Problem statement ->
Nothing but the lines from the one containing "Smiling baby in" through the last line of the data below should be returned, each exactly as it stands, pictures excluded.
*** Dataset content Section Begins ***
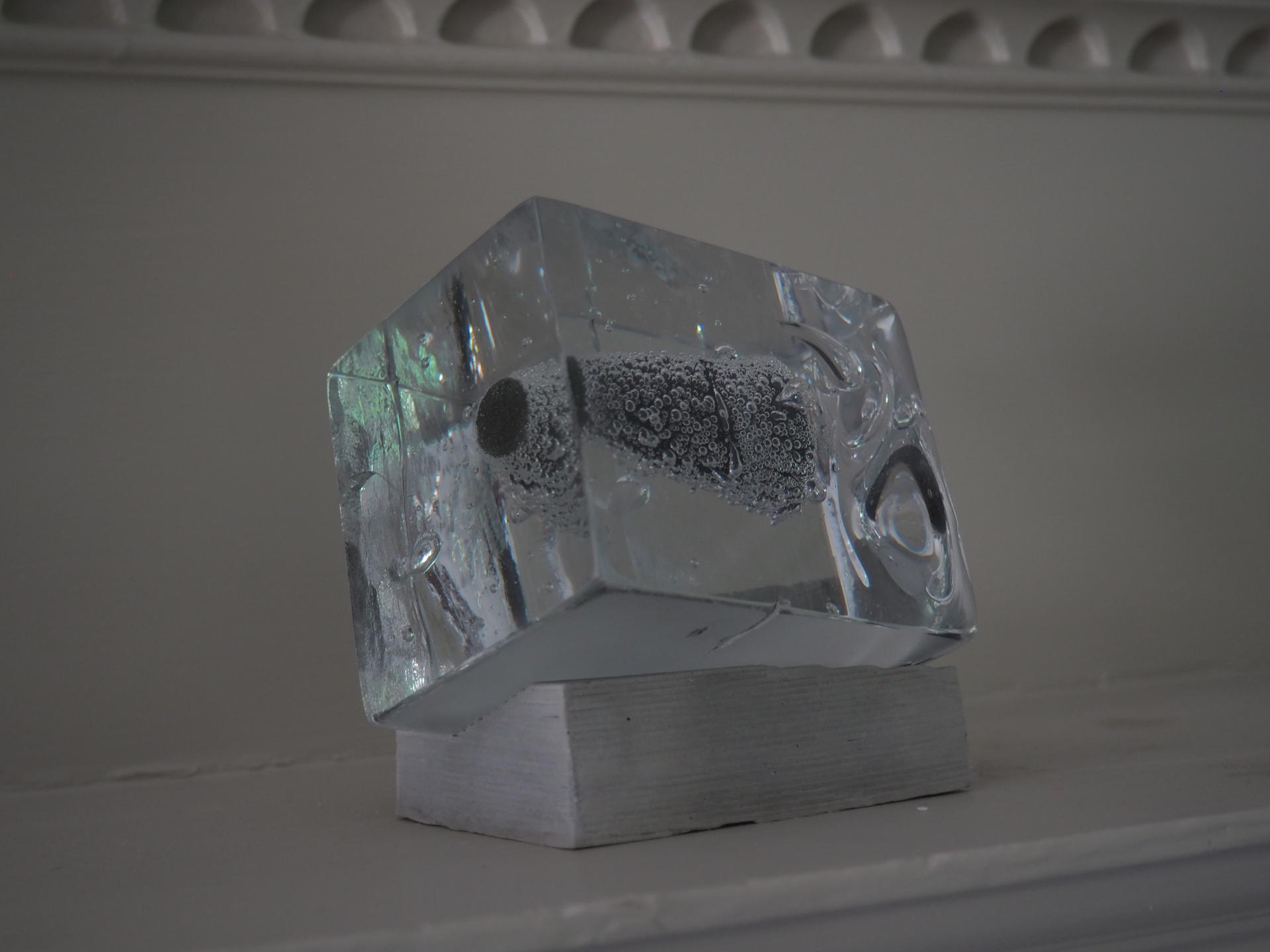 Bubble covered cone encased in glass on a fireplace mantle.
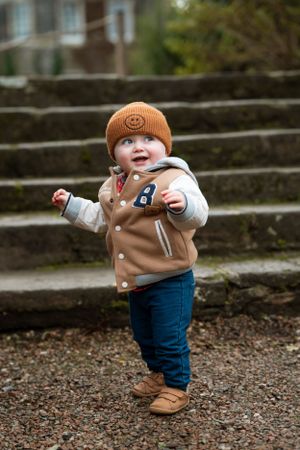 Smiling baby in brown coat and orange beanie standing on gravel path.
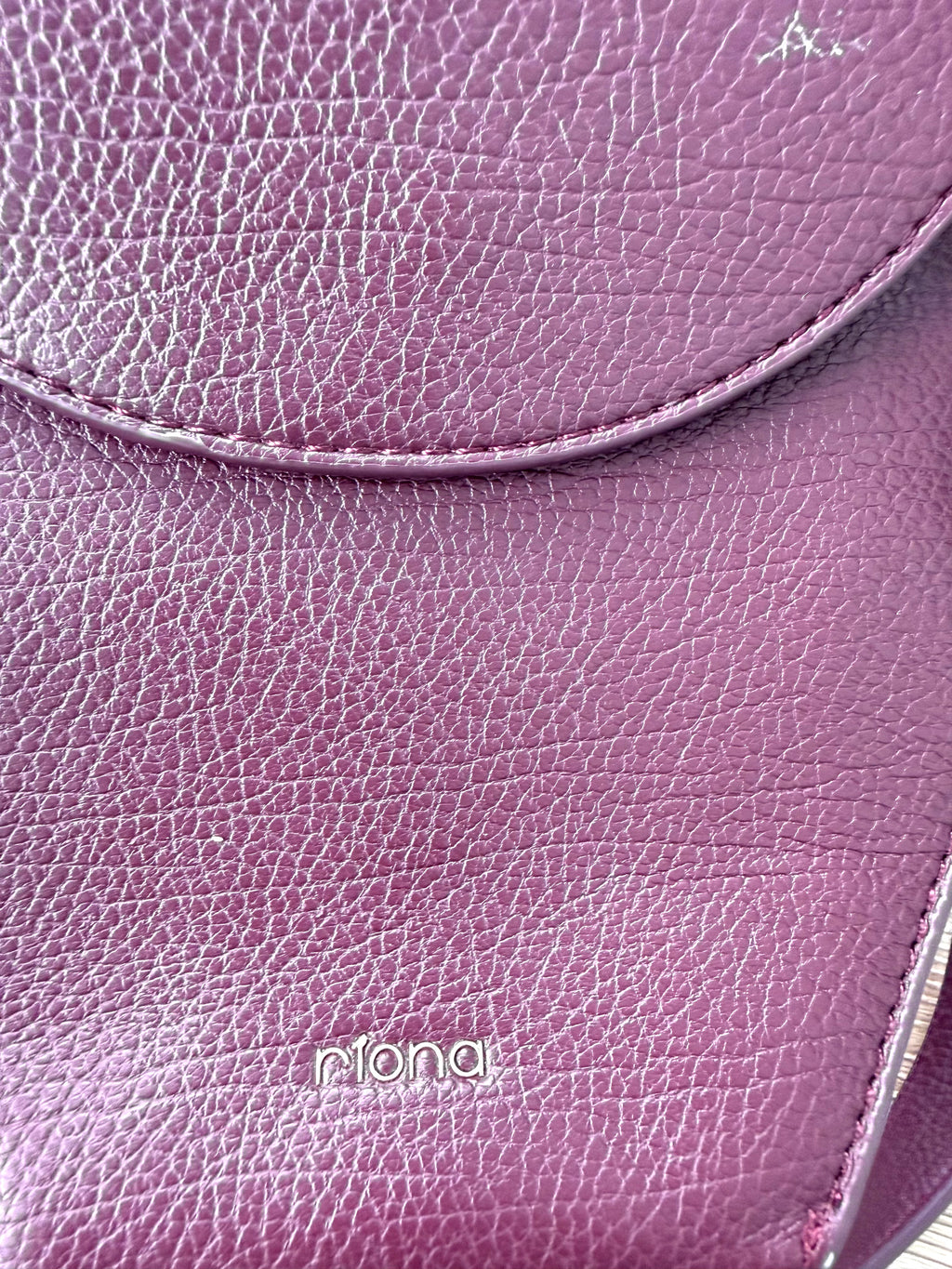 Riona Mini Crossbody Bag  at Blue Sparrow Shop close up of name on front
*** Dataset content Section Ends ***
Worked solution ->
 Smiling baby in brown coat and orange beanie standing on gravel path.
 Riona Mini Crossbody Bag  at Blue Sparrow Shop close up of name on front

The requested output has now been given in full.